Provided information: Begin
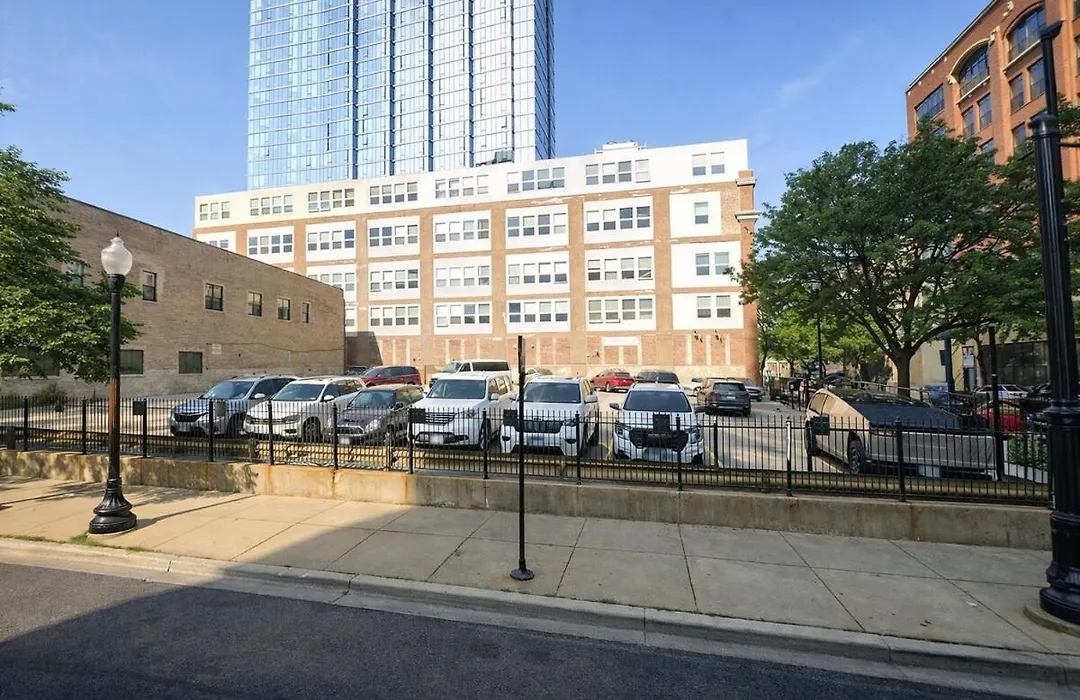 Luxury 3Br Spacious Suite Sleeps 8 Guests With Patio, Skyline View, Optional Parking And Gym Access Near Mccormick Place And Lakefront-1
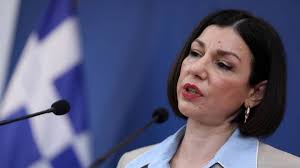 Όπως τόνισε, συχνά ακούγονται διαφορετικές απόψεις. Pelwnh Mikrokommatikh H Parembash Tsipra Estw Mia Fora Na Syndramei Thn Koinh Prospa8eia Cnn Gr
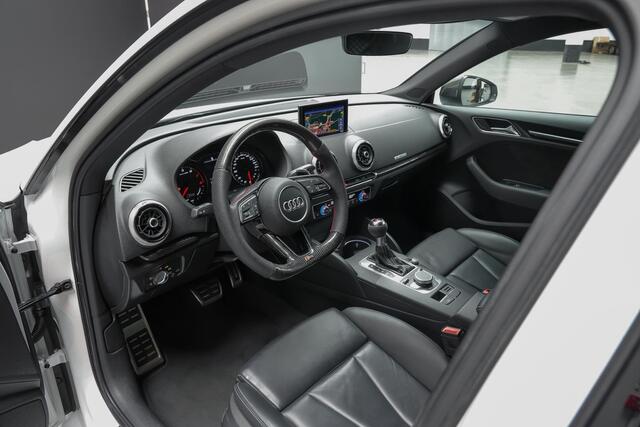 Audi RS3 Sportback 2.5 400pk TFSI quattro |RS-stoelen|ABT|custom stuur|bluetooth|navigatie|stoelverwarming|parkeersensoren voor en achter|LED-dagrijverlichting|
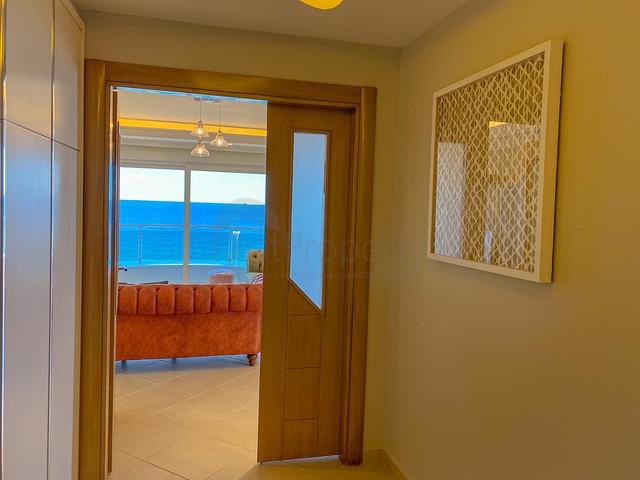 Большой пентхаус с видом на море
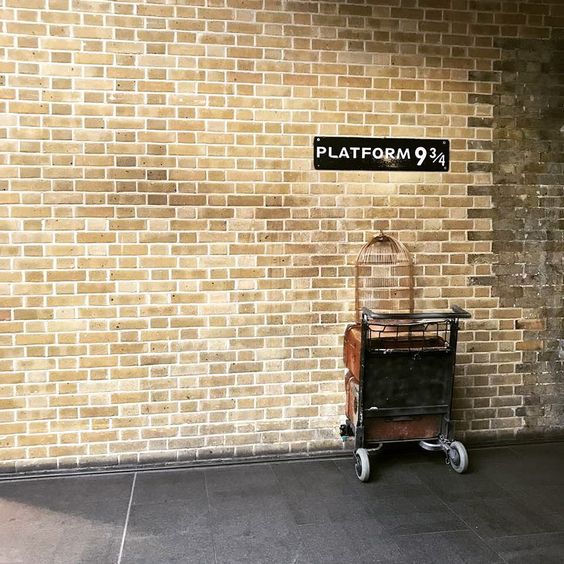 9와 4분의 3 승강장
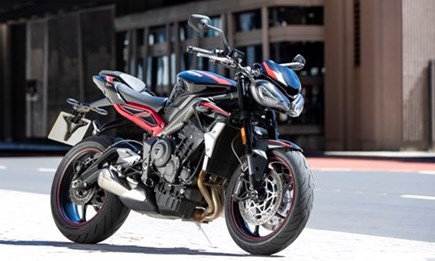 STREET „FIGHT-R“ RELOADED: TRIUMPH PRÄSENTIERT DIE NEUE STREET TRIPLE R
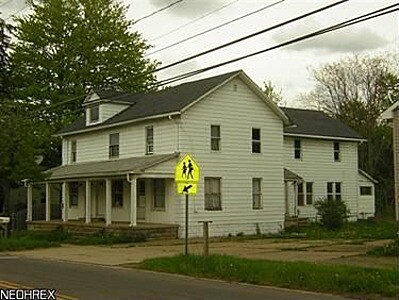 Building Photo - 10565 Main St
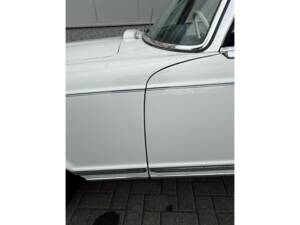 Image 24/50 of Mercedes-Benz 280 SL (1971)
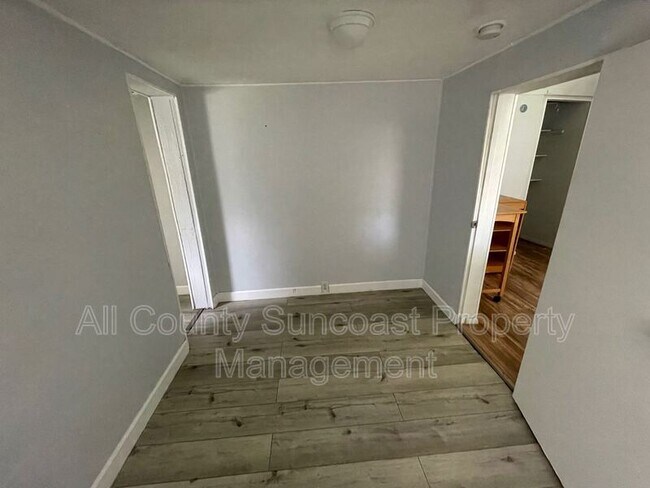 Foto del edificio - 1830 27th Ave N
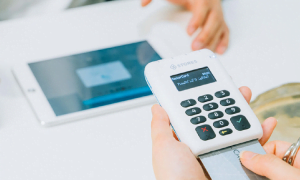 キャッシュレス決済端末比較 自宅開業のエステやネイルサロンでクレカを無料で導入する方法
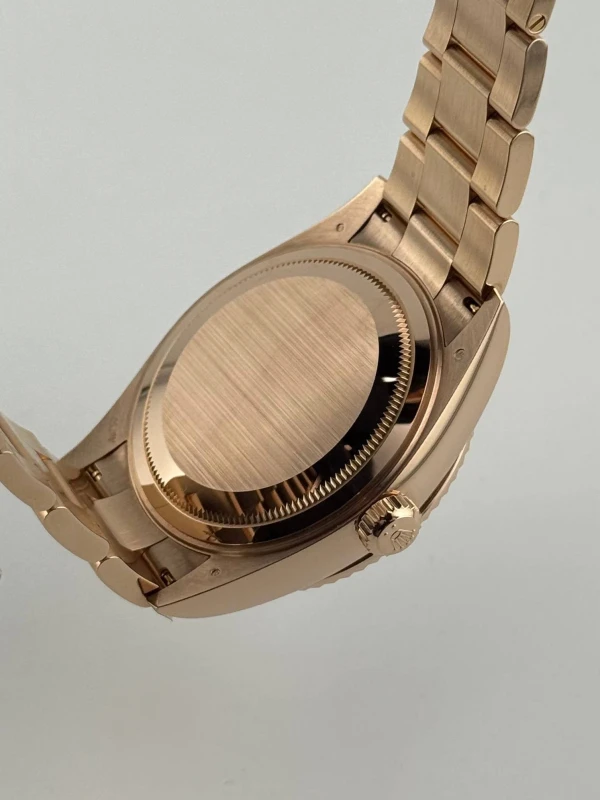 Rolex 42mm Everose Gold 336935-0001 5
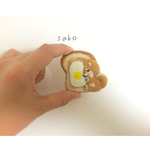 ぎゅーっとする柴犬さんのブローチ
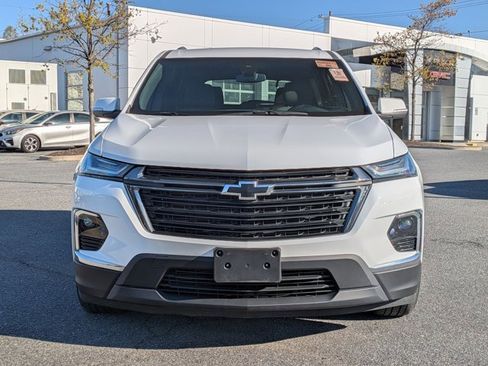 Used 2023 Chevrolet Traverse LT w/ Midnight/Sport Edition image 2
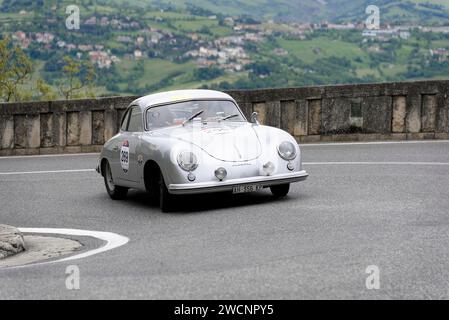 Mille Miglia 2014 oder 1000 Miglia, Nr. 269, Porsche 356 1500, Baujahr 1953, Oldtimer-Rennen, San Marino, Italien Stockfoto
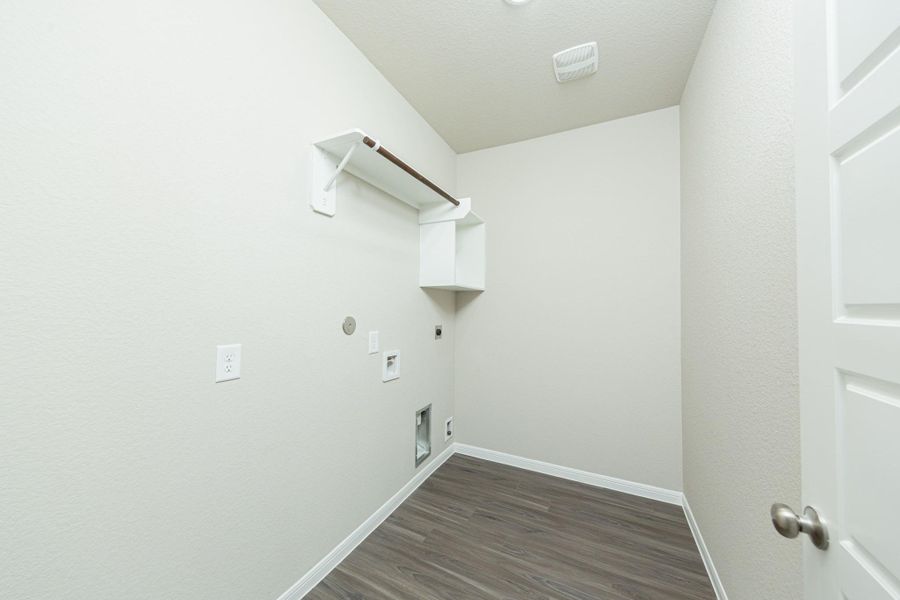 Spacious, unfurnished interior of a new home in River Ranch, Dayton (Image 18).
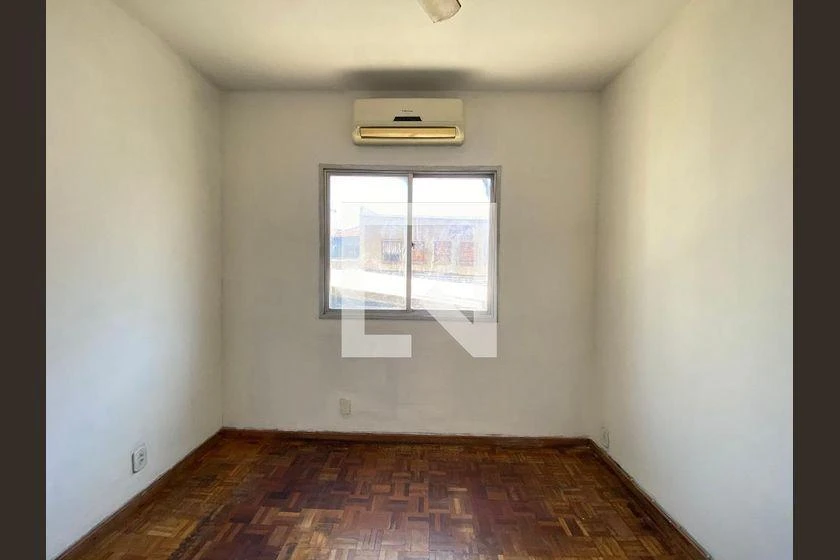 Apartamento com piso de madeira ou laminado, Méier — photo 25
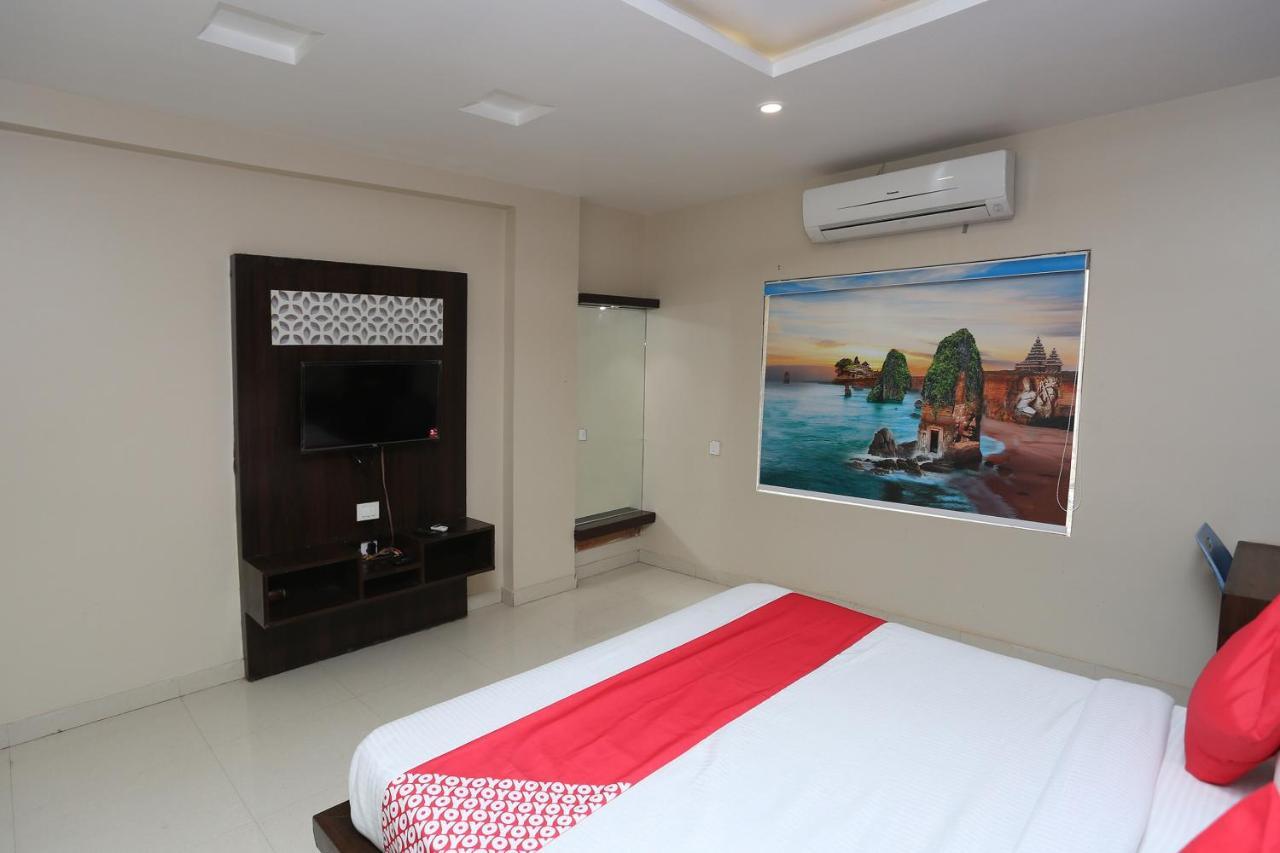 Oyo Flagship 43897 Redstone Otel Gwalior Dış mekan fotoğraf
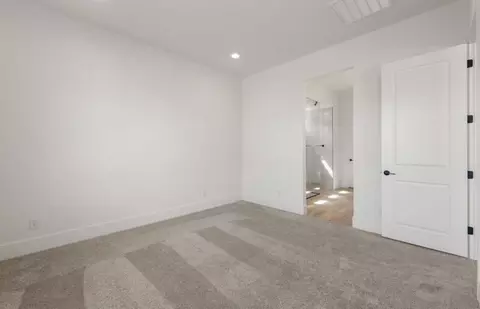 Bedroom - 2433 W Nighthawk Way, Phoenix, AZ 85045 photo 1 of 3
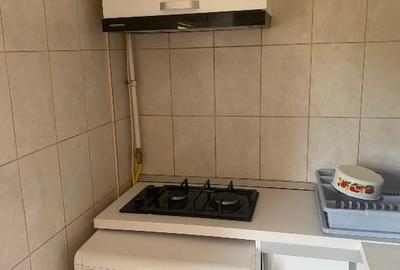 Garsonieră decomandată de închiriat - 5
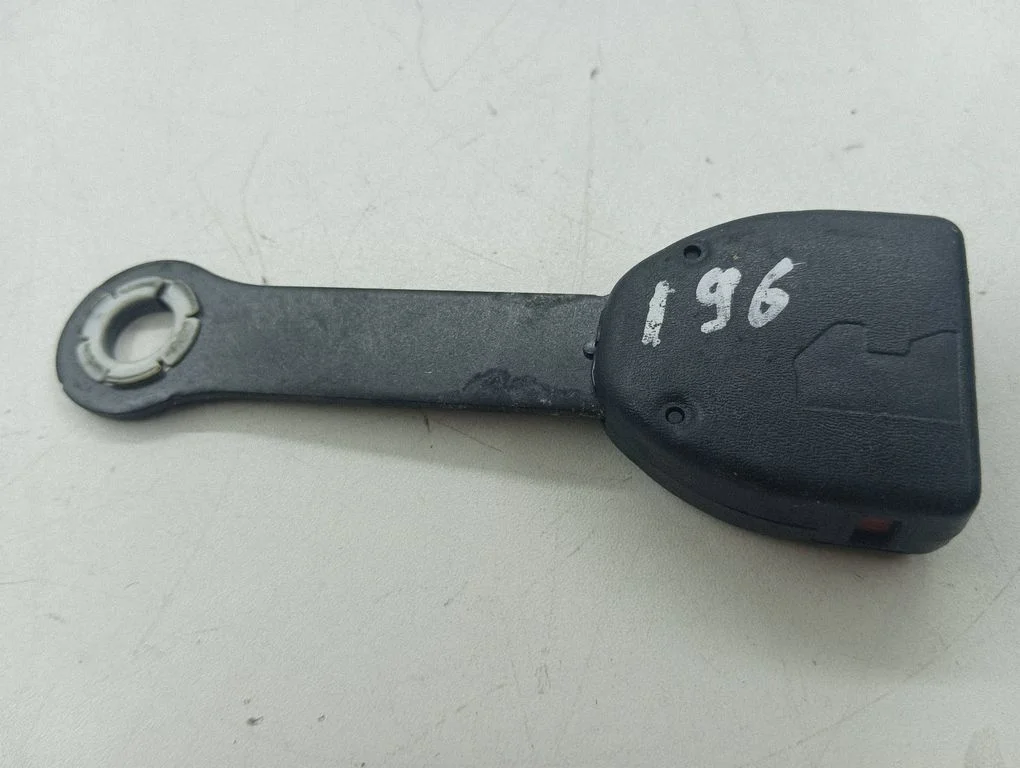 Middle seatbelt buckle (rear) 07247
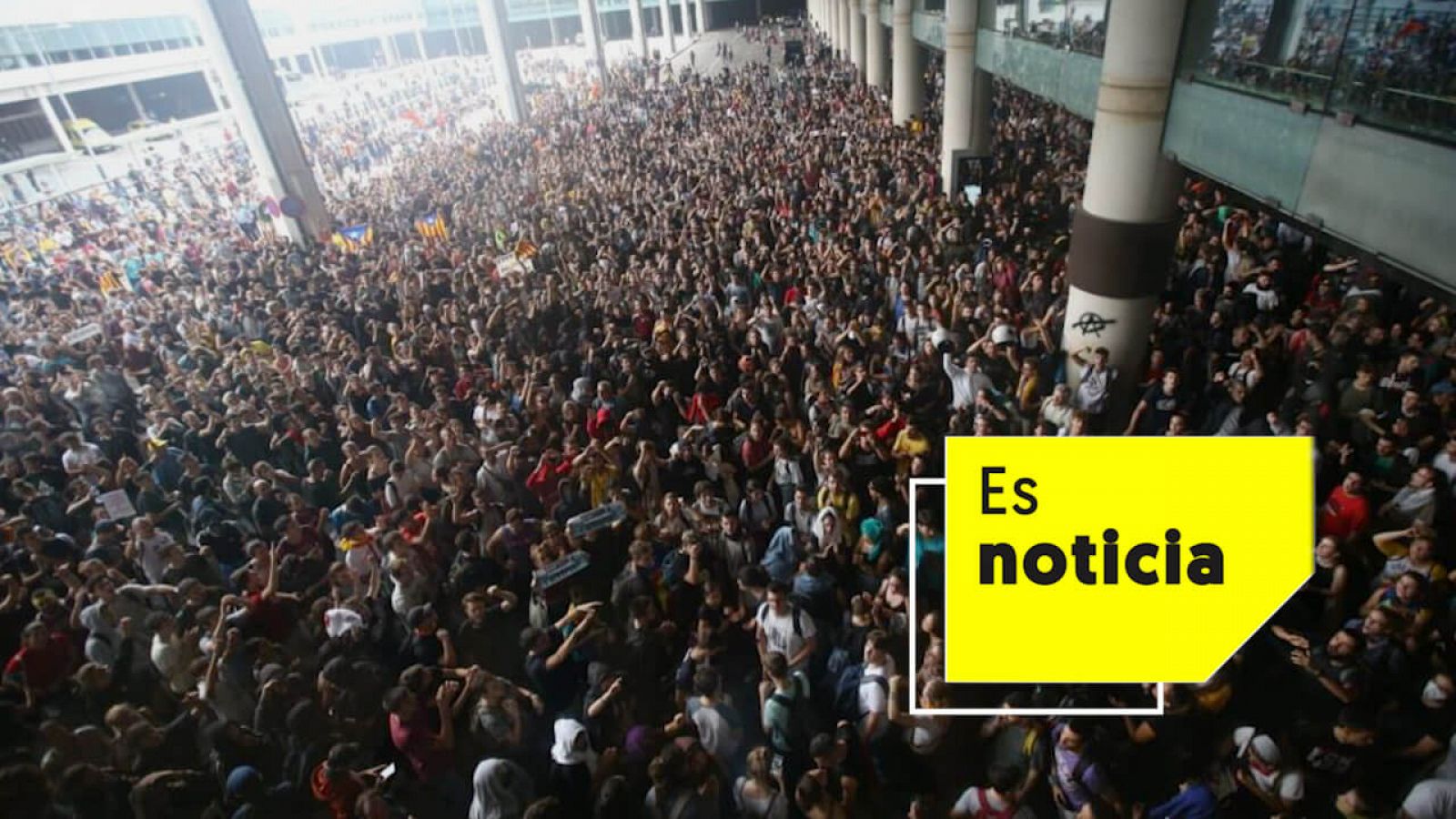 Miles de manifestantes independentistas se dirigen a pie al aeropuerto de Barcelona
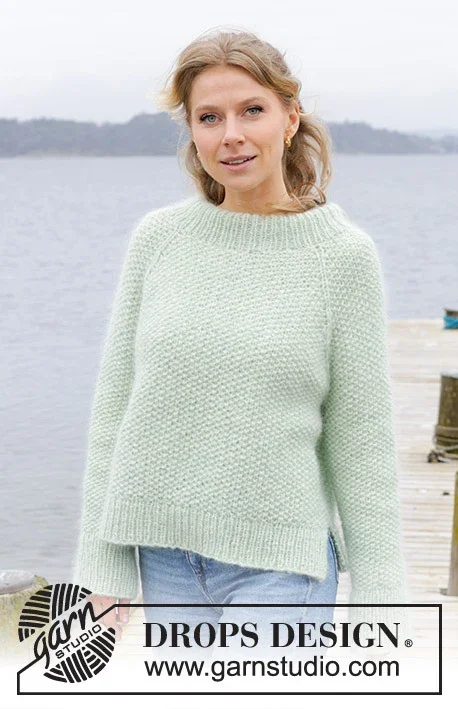 Endast denna vecka 243-3 Green Whisper by DROPS Design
Provided information: End
Directions for this task:
Output exactly the lines from the one containing "Bedroom - 2433" through the last line of the records above, both included, leaving out any pictures.

Response box:
 Bedroom - 2433 W Nighthawk Way, Phoenix, AZ 85045 photo 1 of 3
 Garsonieră decomandată de închiriat - 5
 Middle seatbelt buckle (rear) 07247
 Miles de manifestantes independentistas se dirigen a pie al aeropuerto de Barcelona
 Endast denna vecka 243-3 Green Whisper by DROPS Design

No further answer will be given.